Prompt:
Where the line containing "photo de FANALE" appears, begin retyping; continue exactly through the final line of the data. Omit every picture.

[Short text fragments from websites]

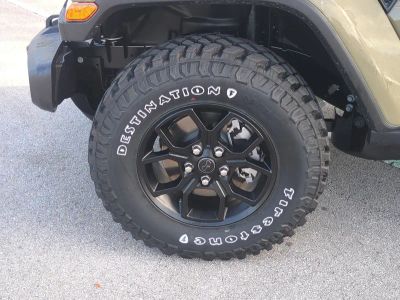 2026 Jeep Gladiator — photo 11 view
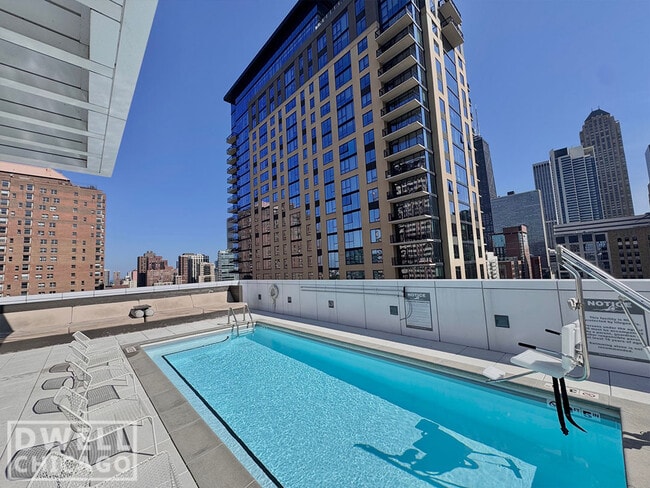 110 W Chicago Ave, Unit S in Chicago, IL - Building Photo - Building Photo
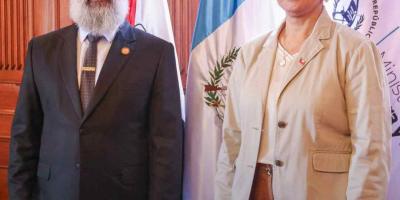 El ministro Luis Méndez Salinas recibió la visita de la embajadora de Chile en Guatemala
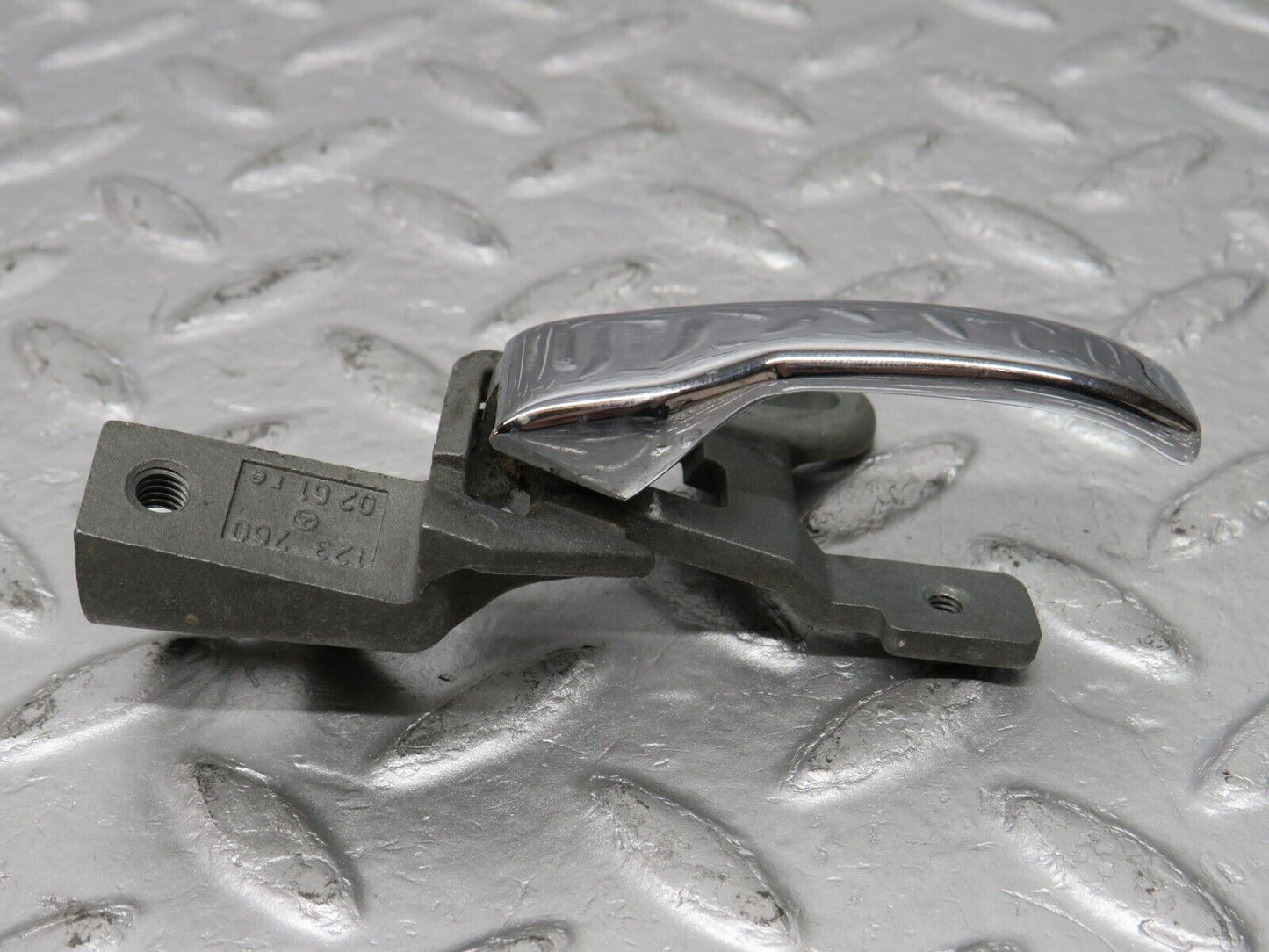 33668 Mercedes-Benz C123 280CE Coupe Right Interior Door Handle 1237600261
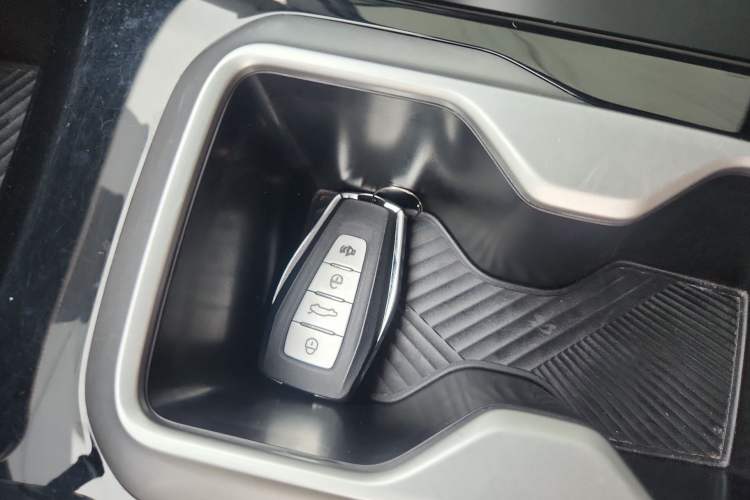 Used Geometry E Firefly 2024 401km Starlight
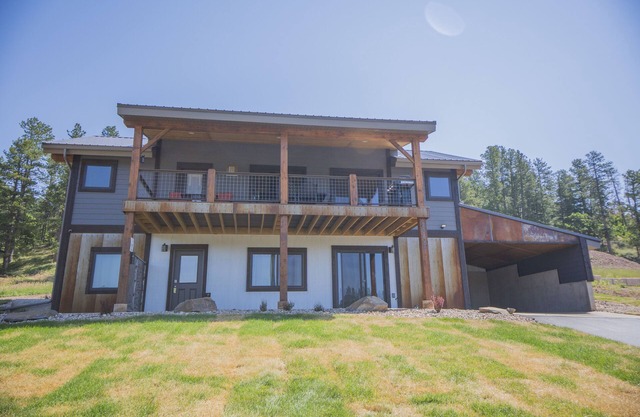 New house with great views and awesome accommodations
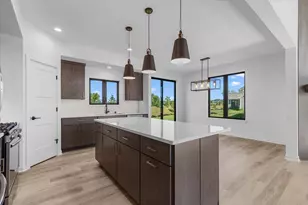 W251N2385 Valleyview Cir, Pewaukee, WI 53072 - Photo 6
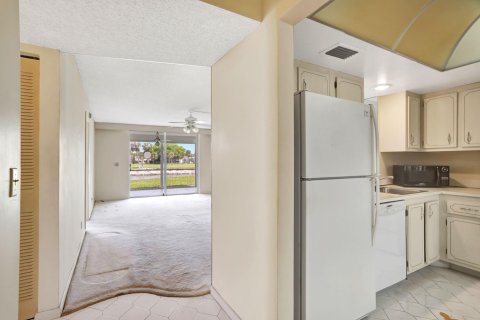 Condo in Margate, Florida, 2 bedrooms  № 1096671 - photo 30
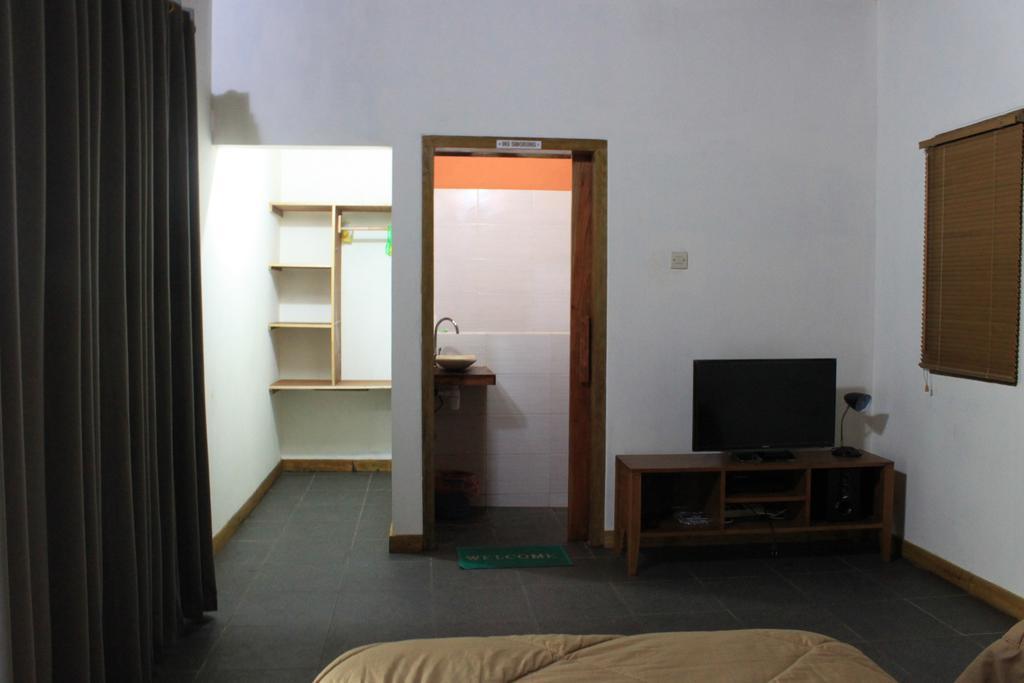 Albany Home Stay Kuta  ภายนอก รูปภาพ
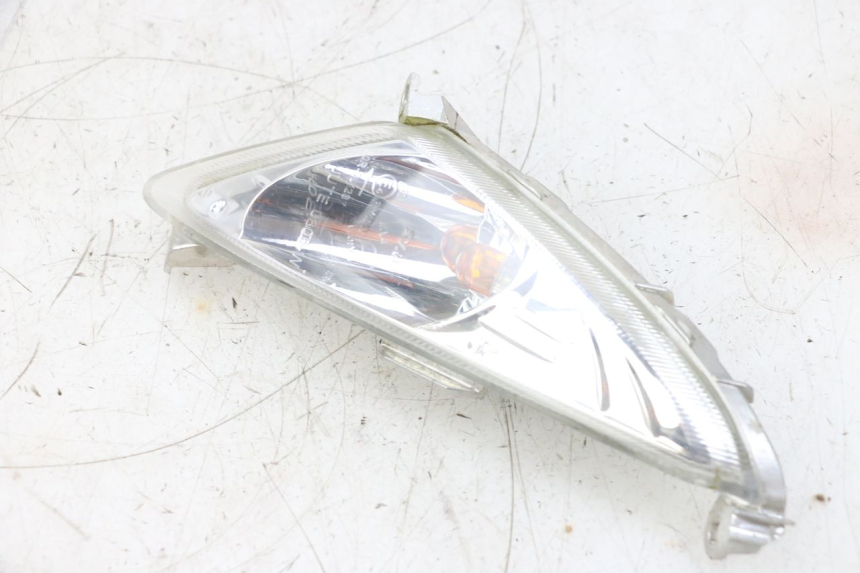 photo de FANALE ANTERIORE DESTRO SYM ORBIT 2 4T 50 (2008 - 2017) - Dettagli dei punti di fissaggio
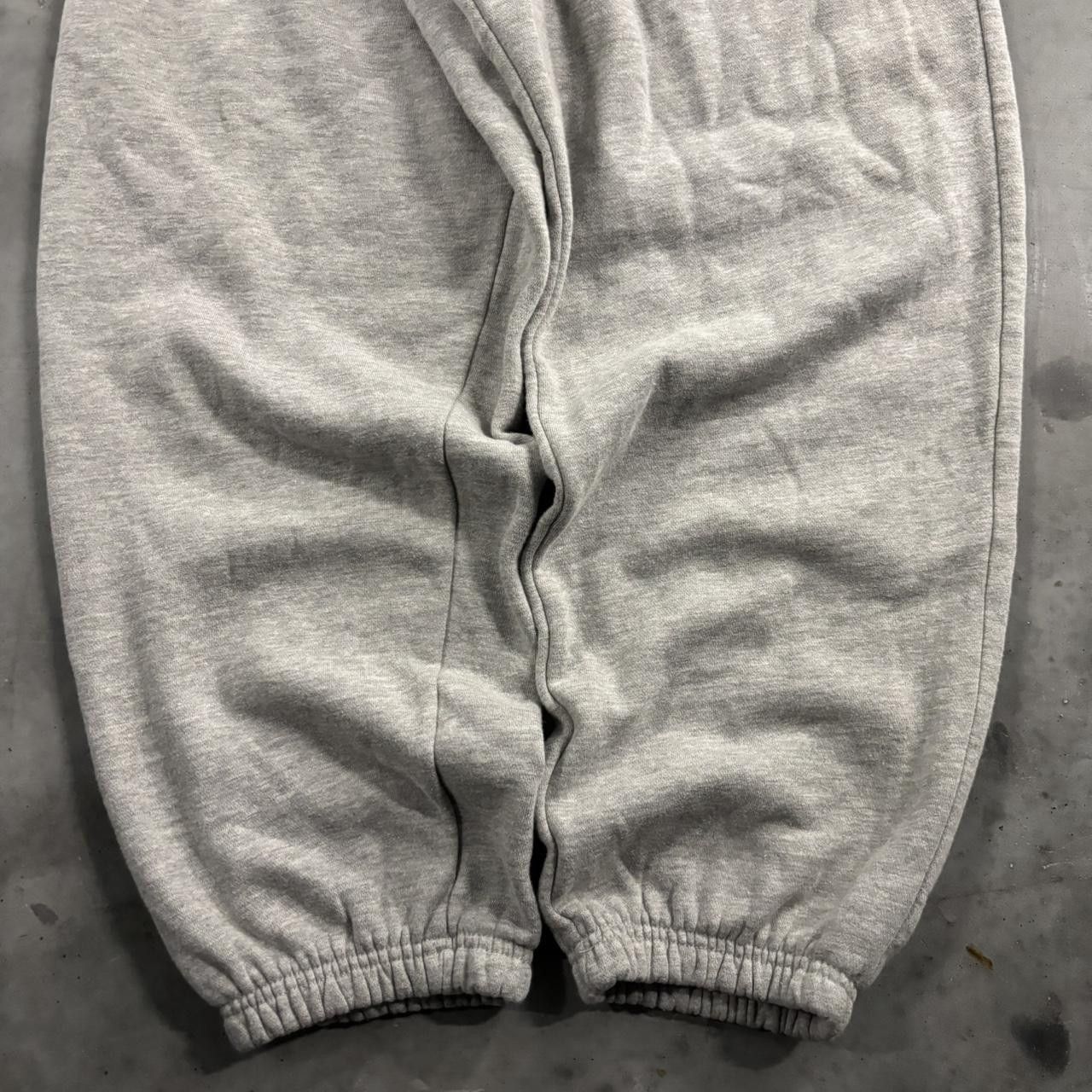 Vintage Crazy Vintage Y2K/2000s Baggy Light Grey Streetwear Essential Sweatpants! Size US 36 / EU 52 - 5 Thumbnail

Result:
 photo de FANALE ANTERIORE DESTRO SYM ORBIT 2 4T 50 (2008 - 2017) - Dettagli dei punti di fissaggio
 Vintage Crazy Vintage Y2K/2000s Baggy Light Grey Streetwear Essential Sweatpants! Size US 36 / EU 52 - 5 Thumbnail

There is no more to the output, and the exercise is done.